The Impact of Depression on Fertility and Pregnancy - (Summer 2010)
THE IMPACT OF DEPRESSION ON FERTILITY AND PREGNANCY
Janet Takefman, PhD
When I think of the mind-body interaction, I immediately think of the impact depression has on fertility and pregnancy as a classic example of this duality. We all know depression is a common outcome of infertility. The crisis of infertility is characterized by four factors that make it a prime circumstance for the development of depression: it is unpredictable and unexpected, it is beyond one’s ability to reverse once it has occurred, it is chronic and unremitting, and it has life-altering ramifications. These four conditions describe any life crisis, and the aftermath of an unresolved crisis is depression.
In 1967, Dr. Martin Seligman operationally described depression as “learned helplessness”; that is, “the hopelessness and resignation learned when a human or animal perceives no control over repeated bad events.” In a landmark study, Seligman tested his theory by conducting experiments on dogs in which he administered unpredictable electric shocks to their hind legs. In one group, the dogs could escape the shock by learning an escape route. In the other group, the shock was inescapable. The dogs who received the unpredictable, inescapable shock learned they were helpless to prevent it and gave up; that is, they behaved as if they were depressed. “Unpredictable, inescapable shock”… does that sound like the experience of infertility? I have no doubt that for many it does.

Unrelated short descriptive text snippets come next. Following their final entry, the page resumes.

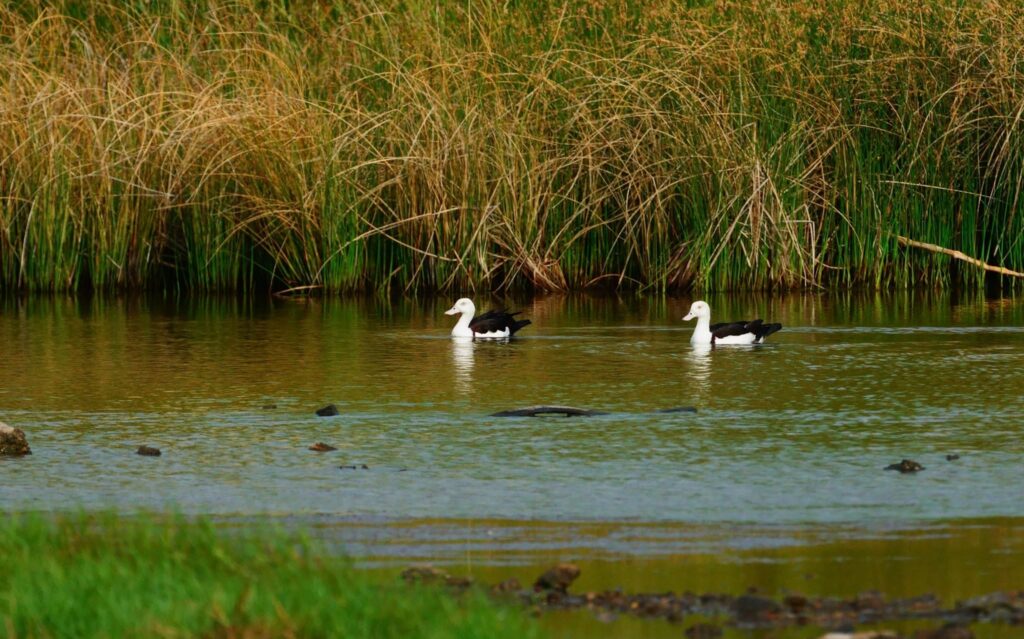 ทำความรู้จัก Radjah Shelduck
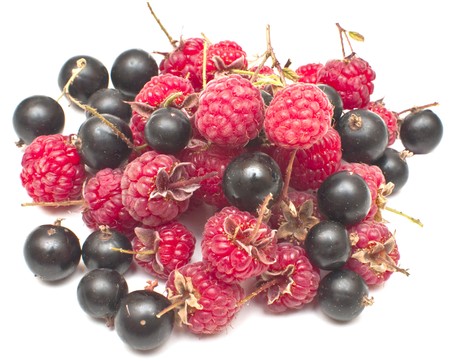 raspberries and black currant isolated on a white background の写真素材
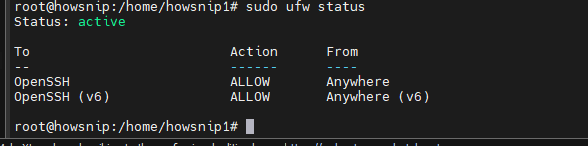 Ubuntu Setup Howsnip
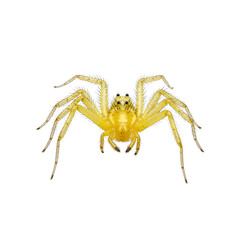 Close up of a vibrant spiny orb weaver spider with a yellow body and black spines Ideal for nature and wildlife concepts
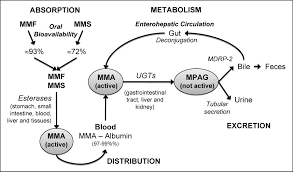 Bảo hiểm tạm thời thanh toán 2 loại thuốc vừa bị dừng chi trả đột ngột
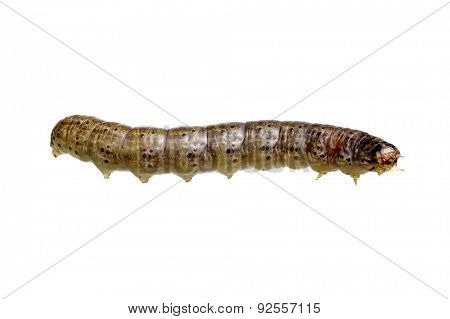  caterpillar isolated on a white background 
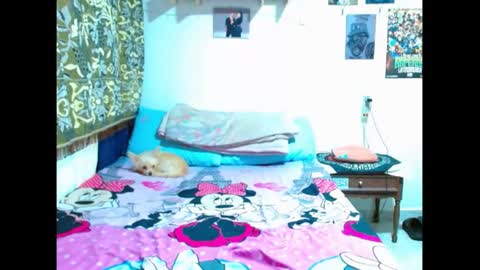 Snapshot of pollon8_kbezon chatting on 01.05.25 Gian online show from 01.05.25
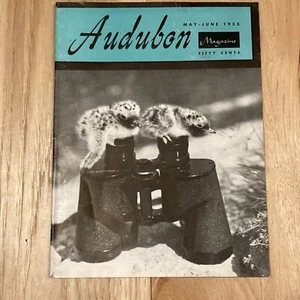 Vintage Original Audubon Magazine May - June 1953 birds nature outdoors - Imagen 1 de 12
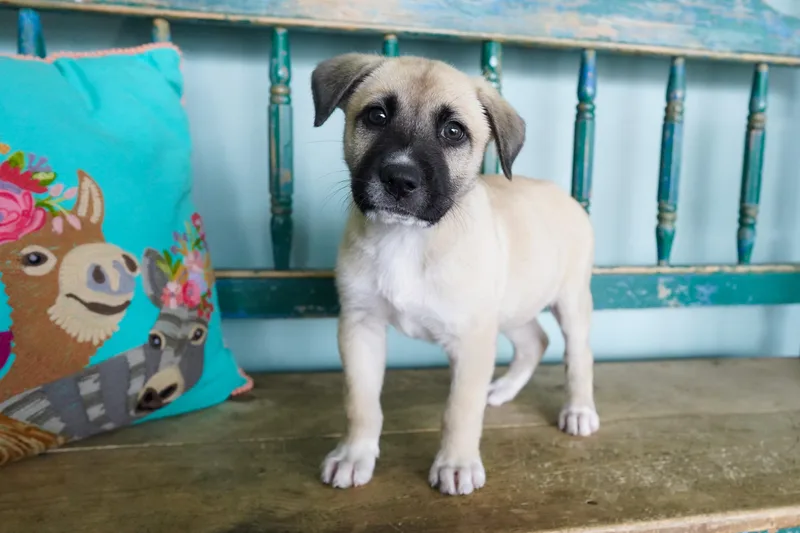 Peanut Butter thumbnail 2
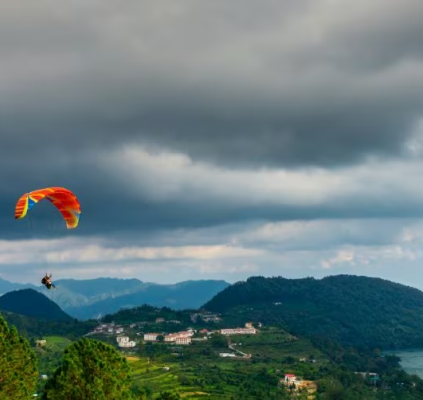 Adventure and Wildlife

Allow me to digress a moment and elaborate on the different meanings of depression. We use the word depression in three different contexts. There is depression as a descriptor, as in, “He is depressed.” By this people usually mean a person is “down,” “has the blues,” or is sad. Then there is depression as a psychological symptom. In this sense depression can be one of many symptoms. For example, depression might be a symptom of menopause along with hot flashes and joint pain.
Finally, there is Depressive Disorder as a syndrome. The syndrome of depression is a mood disorder and is characterized by a combination of symptoms including diminished interest in most things, poor concentration, feelings of worthlessness, and so on. Most who have experienced fertility difficulties have felt depressed (the adjective or symptom) at one time or another. But depression, the syndrome, is only experienced by 10%–15% of infertility patients and usually requires a direct intervention like medication or psychotherapy to bring about improvement. For the purposes of this discussion, I will use the term loosely to mean any of these three types.
Depression and infertility have been studied quite extensively. For example, we know that depression usually increases for the first few years a person is in treatment, then peaks and begins to level off around the third year of treatment. We know that regardless of who is found to have the fertility problem, women feel more severely depressed than men when they cannot conceive and remain depressed for a longer period of time. These gender differences are likely explained by the fact that women rate childbearing as a more vital life goal than men and rate the meaningfulness of life without children poorer as compared to men. Finally, we know that common coping strategies such as distraction and problem-solving, which people employ to deal with various stressful events in their lives, are not effective in lowering depression related to infertility. It is hypothesized that the lack of control patients feel during this process makes coping especially difficult.
The problem becomes even more complicated, however, when we consider that depression is not only an outcome of infertility but can prolong it as well. For instance, we know that depression lowers treatment persistence. The number one reason why couples drop out of treatment prematurely is not a lack of finances as one might expect, but because of depression. We know this because there are many countries around the world in which the cost of assisted reproduction is covered by the government. Yet many patients discontinue treatment and cite depression as the reason. We also know that women who are more depressed prior to treatment are less likely to achieve success and that depressed women require more treatment cycles to achieve pregnancy than non-depressed women. The bottom line: depression contributes to lowering pregnancy rates.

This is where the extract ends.